I do think the current output format is nice because a text editor makes sense for editing multiple tags at once. Having to ensure I add a backslash at the end of each line can be tedious.

How about this as a proposal for the format: since tag names should not begin with whitespace, declare that any line that begins with a HORIZONTAL TAB character is a continuation of the previous tag. On input, the initial TAB is removed from continuation lines. On output, a TAB is added after an embedded LINEFEED.

Side note Unimportant thoughts that occur to me as I think about implementing this: * For DOS CR-LF support, leaving CARRIAGE RETURN unchanged on input or output should suffice. * As a convenience to people editing an opustags file, on input a completely empty line can be treated the same as a line containing only a single TAB.

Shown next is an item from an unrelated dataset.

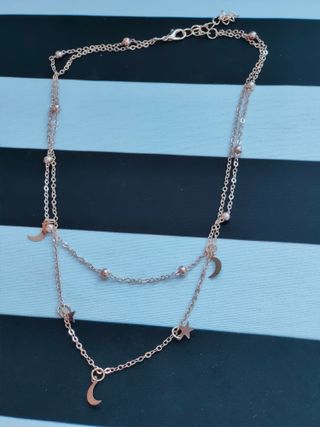 Gargantilla dorada lunas y estrellas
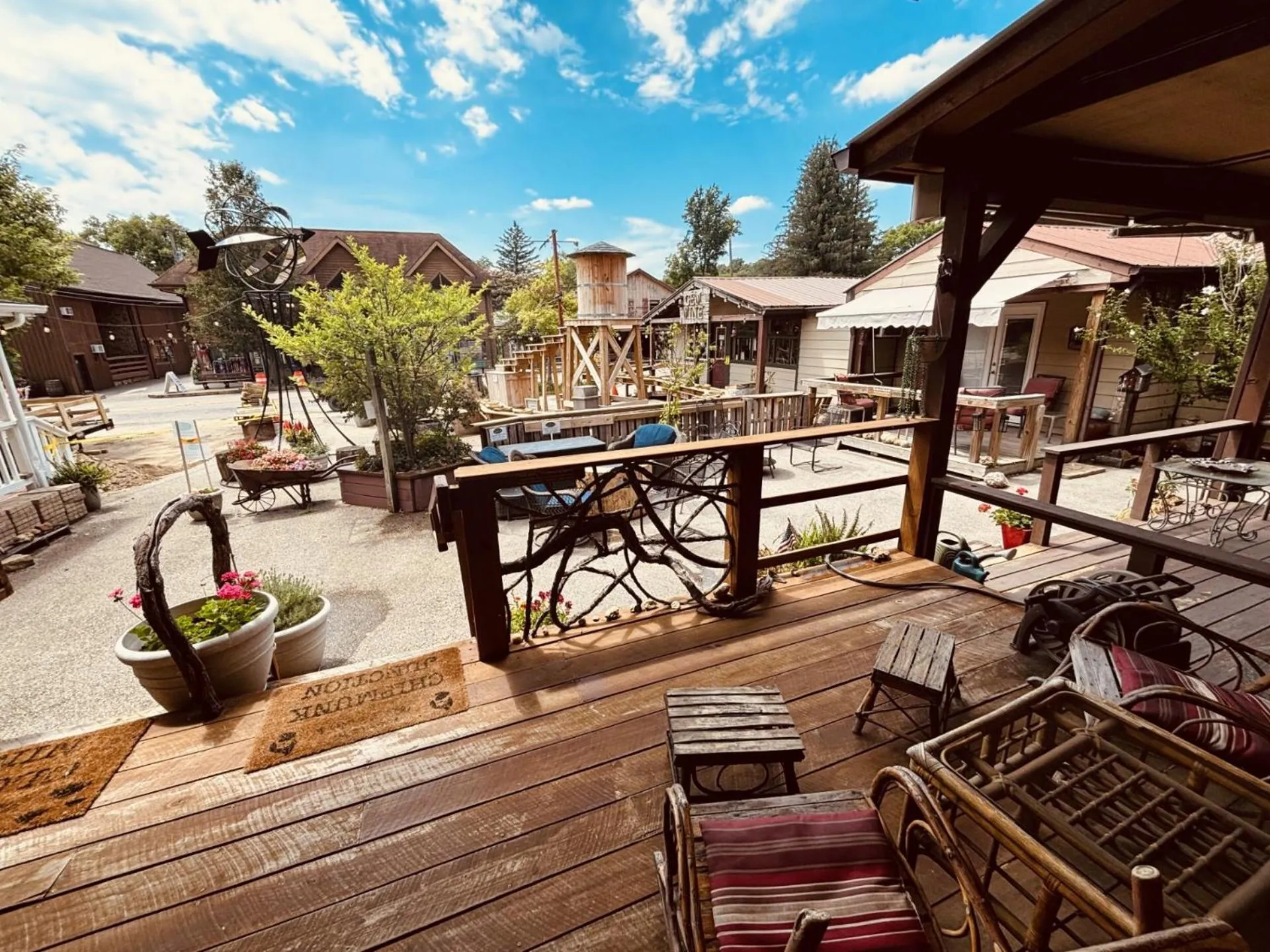 Patio in The Iris Garden Downtown Cottages and Suites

Yes, there are problems with the idea: for example, a person may try to add spaces instead of a single TAB and end up with an inscrutable error, or they may use multiple TABs for indentation and be surprised when only the first one is removed. However, it would be a better situation than the current state.

I might be able to make a patch to do such a thing, but I'd want to know if it's something you would even want or if there's some fatal flaw in my logic that I'm overlooking.

fmang commented 2 years ago

Your proposal to use exactly one tab as a prefix for continuation is intuitive, convenient, robust and simple. I like it.

Concerning the edge case, I suggest that:

  1. If opustags detects a line starting with spaces, it fails with an explicit error.

  2. Empty lines are implictly treated like a continuation (your idea is good), unless it’s the last continuation line. Basically, empty lines separating tags should be ignored:

    X=123
           Continuation.
    
    Y=456
  3. If the equal sign is immediately followed by a line feed, then the value should begin at the first continuation line, like this:

    X=
           First line.
           Second line.

    I think this is more readable, and should be preferred when outputting the tags.

These three points are nice to haves, so I suggest you ignore them for your first PR.

Overall, I think this is a good enhancement and would be glad to merge it if you make a patch.

hackerb9 commented 2 years ago

Okay, I have a basic implementation working which roundtrips correctly for my files. I appear to have an error in my memory allocation logic, though. (Core dumps when I test read_comments with varying lengths of data). It probably has a simple fix, but it's past midnight and I don't see it right now. Do you?

I used realloc() to fit with the existing code that uses C's getline() and free(), but maybe getline should be replaced with whatever the C++ equivalent is so we don't have to worry about these sort of memory errors.

fmang commented 2 years ago

Let’s focus on the printing first. I notice that you use insert() to add the tab characters, which is costly. You’d better reuse the first scan and compute newline_count instead of has_newlines, then allocate an std::string of size comment.size() + newline_count, and fill it character by character using operator [].

hackerb9 commented 2 years ago

That sounds like a reasonable optimization to make.

hackerb9 commented 2 years ago

I made the optimization.

The worst case scenario for the std::string insert method is a comment with 64K of newlines. Runtime for that improved by 15x, but the absolute gain was small (went from 47 ms to 3 ms). Was it worth it given that copying by hand is a little bit uglier and worst case scenarios are rare? Maybe not yet. I believe it will be more obviously a good thing once comments larger than 64K are allowed.

fmang commented 2 years ago

Note that the performance multiplier you measured is not constant. The complexity went from O(n^2) to O(n). I don’t think opustags will suffer from performance issues anytime soon, but writing linear-time implementations is easy enough to be worth the effort I think.

Could you please squash your commits and make a pull request for the printing part only? It’s gonna be easier for me to review.

fmang commented 1 year ago

@hackerb9 I plan to make a new release soon and consider solving this issue too. Are you interested in making the pull request, or would you rather I finalize this myself?

fmang commented 1 year ago

I’ve started looking further into it in order to finalize the feature. I’ll probably keep your implementation proposal for history but began reworking it.

fmang commented 1 year ago

Ready for the next release.